Eventually, he meets the taxidermist, Mr. Bagheri. He is older and has experienced life. He speaks more, and talks to Mr. Badiei. He tells him of life, of his life and his pain. He does not lecture or run away with fear. He understands and communicates with empathy and understanding while still opposing the cold finality of death.
If you look at the four seasons, each season brings fruit. In summer, there's fruit, in autumn, too. Winter brings different fruit and spring, too. No mother can fill her fridge with such a variety of fruit for her children. No mother can do as much for her children as God does for His creatures. You want to refuse all that? You want to give it all up? You want to give up the taste of cherries?
Mr. Bagheri agrees to the job and is dropped off at the museum where he works. We see him, in silhouette, enter through the gates and disappear. Then the unexpected happens and Mr. Badiei parks and runs after him into the museum. He passes through the very same gate, as if it were the gate of heaven itself and he had found salvation.
He finds Mr. Bagheri and begs him to throw stones at him and shake him in case he is merely asleep and not dead. Doubt has seeded in his mind and he is unsure now, for the first time.
He returns to his apartment and then takes a taxi to the site of his hole. He smokes a cigarette and climbs into his hole and watches the moon and the clouds and the storms and we cut to black.
We never see him take the threatened sleeping pills as he climbs into the hole. The only act we see is of a desperate and sad man crawl into a hole to watch the sky. Did he listen to life and to Mr. Bagheri? Did he pass through the gates of heaven to be saved? We don’t know.
The black of the screen disappears and grainy colored VHS images reveal themselves. The bare brown hills are now green. Soldiers are marching and singing, exactly in the way Mr. Badiei described to the scared soldier as his happiest memories. We see a film crew and Kiarostami and Ershadi. We are no longer in the world of the film. We are witnessing the making of the film. Reality has taken over fantasy and the lines are blurred. It is an enduring obsession of Kiarostami.
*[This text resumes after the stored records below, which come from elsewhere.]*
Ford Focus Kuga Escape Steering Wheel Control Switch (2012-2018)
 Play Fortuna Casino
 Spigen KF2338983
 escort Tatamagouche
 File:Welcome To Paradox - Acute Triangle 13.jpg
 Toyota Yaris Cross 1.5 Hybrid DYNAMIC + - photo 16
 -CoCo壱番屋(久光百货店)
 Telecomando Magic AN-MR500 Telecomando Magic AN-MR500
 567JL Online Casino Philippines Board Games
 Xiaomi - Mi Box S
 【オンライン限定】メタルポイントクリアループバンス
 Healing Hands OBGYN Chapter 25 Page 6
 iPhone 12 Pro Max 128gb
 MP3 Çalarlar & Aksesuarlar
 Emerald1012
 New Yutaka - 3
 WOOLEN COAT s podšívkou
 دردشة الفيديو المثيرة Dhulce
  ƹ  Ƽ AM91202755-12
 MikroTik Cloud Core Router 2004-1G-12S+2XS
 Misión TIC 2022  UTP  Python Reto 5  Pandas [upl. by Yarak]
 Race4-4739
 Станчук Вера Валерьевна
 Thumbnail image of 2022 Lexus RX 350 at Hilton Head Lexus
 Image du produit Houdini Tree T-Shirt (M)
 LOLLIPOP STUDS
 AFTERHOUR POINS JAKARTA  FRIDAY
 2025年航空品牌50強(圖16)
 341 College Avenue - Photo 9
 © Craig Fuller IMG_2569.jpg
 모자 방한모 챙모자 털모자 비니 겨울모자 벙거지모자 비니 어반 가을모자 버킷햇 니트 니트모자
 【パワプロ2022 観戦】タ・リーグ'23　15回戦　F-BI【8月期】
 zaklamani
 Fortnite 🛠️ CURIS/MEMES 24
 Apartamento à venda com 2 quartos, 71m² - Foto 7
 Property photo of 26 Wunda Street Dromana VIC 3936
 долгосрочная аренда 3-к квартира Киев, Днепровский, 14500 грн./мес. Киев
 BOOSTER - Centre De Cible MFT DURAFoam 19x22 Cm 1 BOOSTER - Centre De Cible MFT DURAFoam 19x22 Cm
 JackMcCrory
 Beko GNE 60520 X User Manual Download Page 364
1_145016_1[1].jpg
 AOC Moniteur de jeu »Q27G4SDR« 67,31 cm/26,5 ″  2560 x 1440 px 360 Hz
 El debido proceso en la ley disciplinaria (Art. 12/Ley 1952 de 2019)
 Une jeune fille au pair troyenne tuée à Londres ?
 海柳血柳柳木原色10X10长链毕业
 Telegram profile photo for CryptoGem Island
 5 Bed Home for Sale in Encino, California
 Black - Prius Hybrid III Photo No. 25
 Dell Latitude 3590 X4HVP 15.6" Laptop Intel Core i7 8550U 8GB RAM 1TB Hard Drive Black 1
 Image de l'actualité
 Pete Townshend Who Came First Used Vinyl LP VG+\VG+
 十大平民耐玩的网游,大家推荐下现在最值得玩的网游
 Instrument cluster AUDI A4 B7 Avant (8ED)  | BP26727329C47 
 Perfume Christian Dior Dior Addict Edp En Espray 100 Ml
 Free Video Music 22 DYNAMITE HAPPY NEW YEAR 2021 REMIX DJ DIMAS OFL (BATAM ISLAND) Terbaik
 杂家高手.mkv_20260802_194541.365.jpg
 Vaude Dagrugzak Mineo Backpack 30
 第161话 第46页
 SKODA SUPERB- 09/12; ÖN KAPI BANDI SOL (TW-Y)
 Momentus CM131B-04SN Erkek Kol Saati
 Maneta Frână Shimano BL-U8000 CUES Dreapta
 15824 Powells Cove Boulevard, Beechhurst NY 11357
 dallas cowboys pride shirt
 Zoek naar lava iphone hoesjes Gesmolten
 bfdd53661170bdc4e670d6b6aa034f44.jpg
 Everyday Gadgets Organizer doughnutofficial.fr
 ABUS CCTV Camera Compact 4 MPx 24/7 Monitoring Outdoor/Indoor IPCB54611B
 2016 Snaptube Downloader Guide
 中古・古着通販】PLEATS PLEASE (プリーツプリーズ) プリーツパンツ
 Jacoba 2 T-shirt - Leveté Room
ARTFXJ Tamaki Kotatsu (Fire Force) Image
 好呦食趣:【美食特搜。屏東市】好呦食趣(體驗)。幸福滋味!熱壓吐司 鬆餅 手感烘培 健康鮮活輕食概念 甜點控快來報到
Soldiers laugh and goof around on the hillside. The film shoot is over. Music begins to play for the first time. Louis Armstrong trumpets wail. We see a car, one that looks like Mr. Badiei’s wrapping around the curve and the film is over.
Is it a cheap trick? Is it brilliant? What does it mean? Kiarostami refuses a simple explanation, an understanding, a happy and cathartic ending. He makes us think and question. He makes the watcher become a participant in the film. It is for each of us to decide if Mr. Badiei entered the gates of heaven, the world of color, and lived to taste God’s fruit again. Or, if he fell prey to the bleak dull despair of dark nights, brown dusty slopes, and an isolated and removed existence.